La plupart de ces bières sont produites grossièrement dans des lieux non appropriés comme un garage ou une cave. Comme vous l’aurez compris, pour quelqu’un qui vient de Belgique, cette bière artisanale argentine s’avère presque toujours décevante. En effet, la majorité de ces brasseurs sont de jeunes entrepreneurs qui investissent leurs économies dans quelques cuves de cuisson, achètent les ingrédients locaux et trouvent leurs recettes sur Internet. Et, même si les conditions d’hygiène ne sont pas toujours au rendez-vous et que la bière est souvent contaminée, la mode est impérieuse. Les jeunes veulent se retrouver dans ces “cervecerías” qu’ils apprécient autant pour l’ambiance et les hamburgers que pour la bière.

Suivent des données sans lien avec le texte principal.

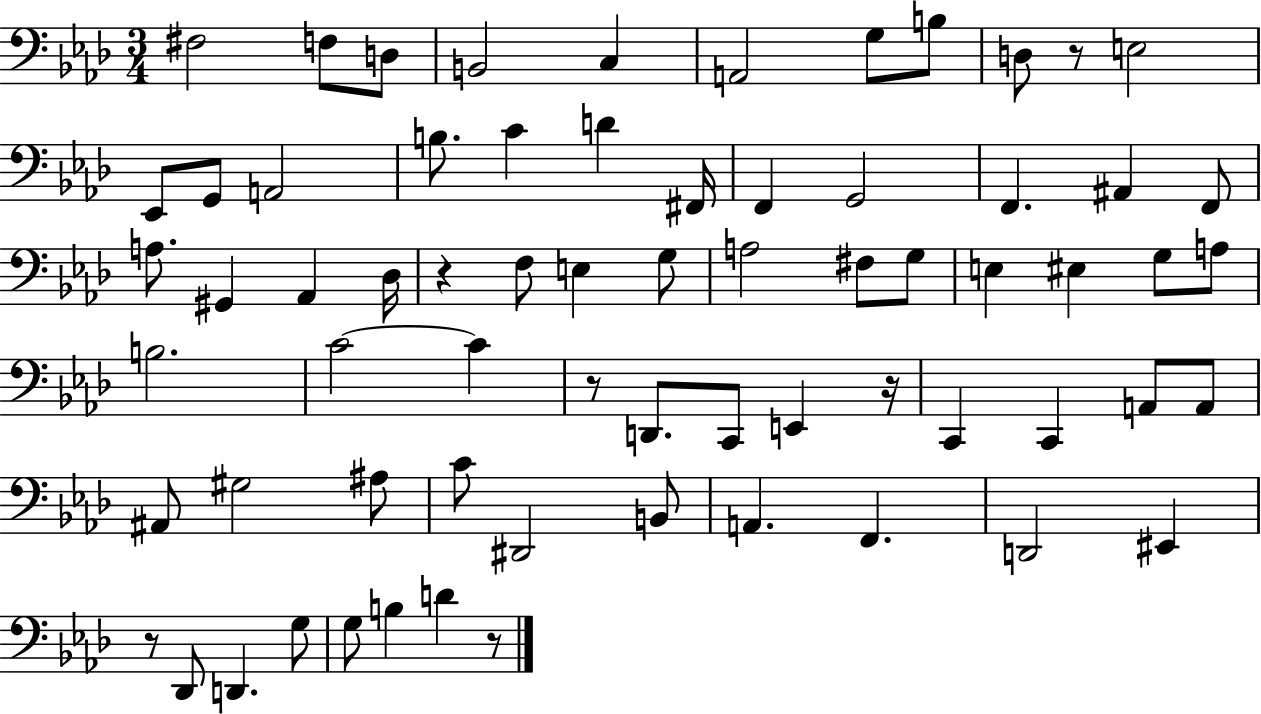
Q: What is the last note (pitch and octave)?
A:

Houblon de Patagonie, malts de Stabroek

Alain, quant à lui, est un brasseur très rigoureux, respecteux d’une hygiène sans faille et qui met énormément de soins dans le choix de ses matières premières. Cette démarche n’est pas évidente dans la province de Salta située à plus de 1.500 kms de Buenos Aires, mégapole, centre des affaires incontournable pour les approvisionnements en tout genre qu’ils soient nationaux ou importés.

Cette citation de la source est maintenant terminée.